Seeing this as a creative challenge, Ani got busy adding adhesive Velcro to the tip of the pick, which made it thicker and easier to pinch. The tiny bristles also provided sensory input, which allowed Bob to feel the pick, despite losing some sensation in his fingertips.

“I love being an OT, because my role requires so much creativity,” says Ani.

“Each patient is so unique and no two patients ever have the same goals and the same barriers, so we need to be open to learning from them, to guide our practice, and be creative in our problem-solving.”

When Bob’s therapists asked for 10 reps, he’d give them 11

While setting a meaningful goal is critical to any rehab journey, so is the willingness to do the work. 

When Bob’s care team explained that he’d realize the greatest improvements within the first three months of his injury, he was motivated to give it everything he had.

If his therapists asked for 10 reps, he’d give them 11. And the Digi-Flex machine, which challenged him the most, offered the greatest reward, once he made it his constant companion.
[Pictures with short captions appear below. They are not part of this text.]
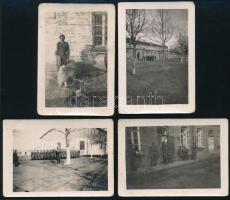 cca 1940 II. világháborús katonai fotók, gyakorlatozás, laktanyai élet, stb., 4 db fotó sérülésekkel, 9,5×6,5 cm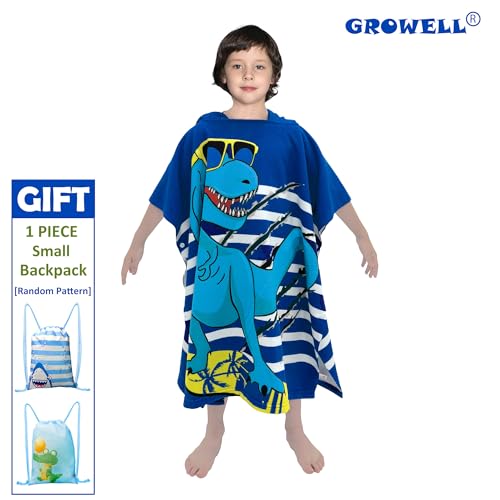 Growell Kids Hooded Beach Towel Poncho - Quick Dry Swim Cover-Up (30x30)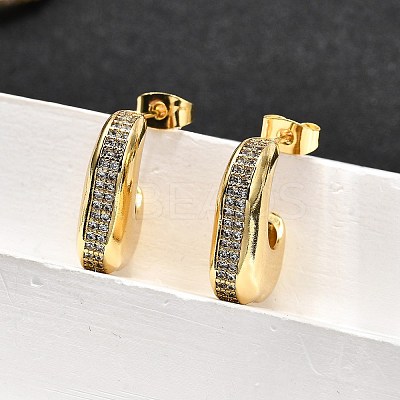 Brass Micro Pave Clear Cubic Zirconia Stud Earrings for Women EJEW-U056-01B-G-1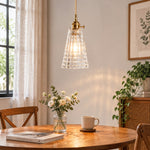 Charger l'image dans la visionneuse de la galerie, Style F narrow grid-textured glass pendant in a bright dining room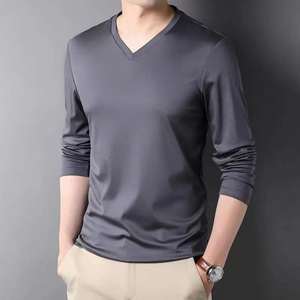 Camiseta de Moda de Lujo para Hombre, Elegante Camiseta de Manga Larga con Cuello en V, Camiseta Informal de Capa Base para Primavera y Otoño, Camisetas de Talla Grande - Product Image 1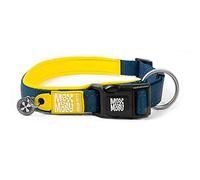 Max & Molly - Collar Deportivo Acolchado de Neopreno para Perro, con Costuras Reflectantes y Etiqueta de identificación Inteligente, Color Amarillo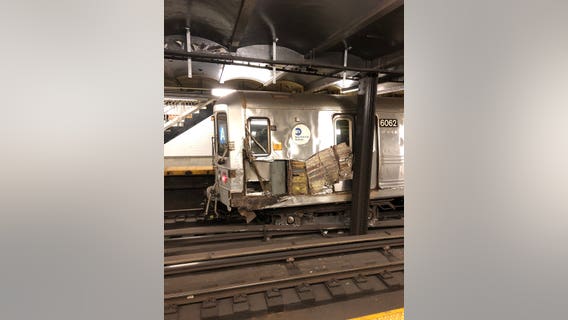 Subway service restored after debris thrown on tracks derails train in Manhattan
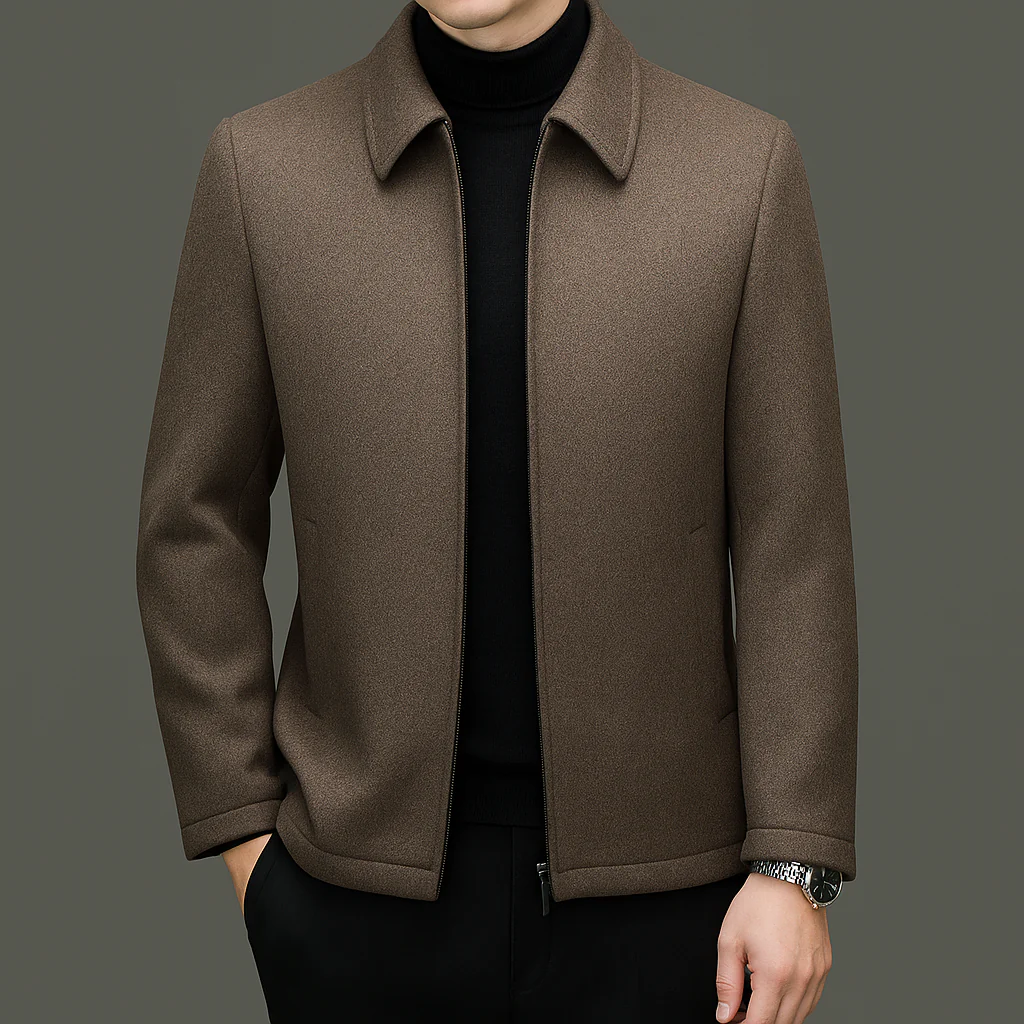 Lorenzo Wool Casual Jacket – Tailored Point Collar Zip-Front Coat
“I’d spend hours and hours in my room with that thing, and I really hated it,” he laughs.

“But I wanted to play guitar so badly, I’d do whatever it took.”

Looking ahead, Bob hopes to volunteer one day, as a peer supporter to patients who first arrive at Lyndhurst Centre.

“I want to hold their hand, give them hope, and tell them: ‘It’s your therapists’ job to help you get better, but you can’t just sit there, hoping you’re going to heal. You have to do the work.'” 

Therapeutic Recreation puts the ‘fun’ in regaining function

Bob Kowalski may have been surprised to find a music appreciation group on Lyndhurst’s activity schedule, but therapeutic recreation programming and interventions plays an important role in promoting leisure independence in individuals with spinal cord injuries.

“Our goal is to help patients rediscover and develop new leisure pursuits, while providing an opportunity for self expression,” says Marc-Andre Gionet, a wellness partner at Lyndhurst Centre, who co-creates a monthly activity schedule with recreation therapist Charlene Alton, based on current patient needs,  interests and therapeutic recreation best practice.

From manipulating bingo dabbers and paint brushes, to throwing bocce balls and horseshoes, most of the therapeutic recreation groups allow patients to practice and develop fine-motor function. Others, like music therapy are all about community and positivity, which help keep patients motivated throughout rehab.

“We like to say that patients are ‘secretly doing therapy,’ because they’re having so much fun, they don’t realize they’re working toward meeting their rehab goals,” says Marc-Andre.

Music appreciation is all about connections, and inviting patients to collectively experience positive emotions.

“This group has allowed patients to develop a sense of belonging and community, which can motivate them through their rehab journey,” he says.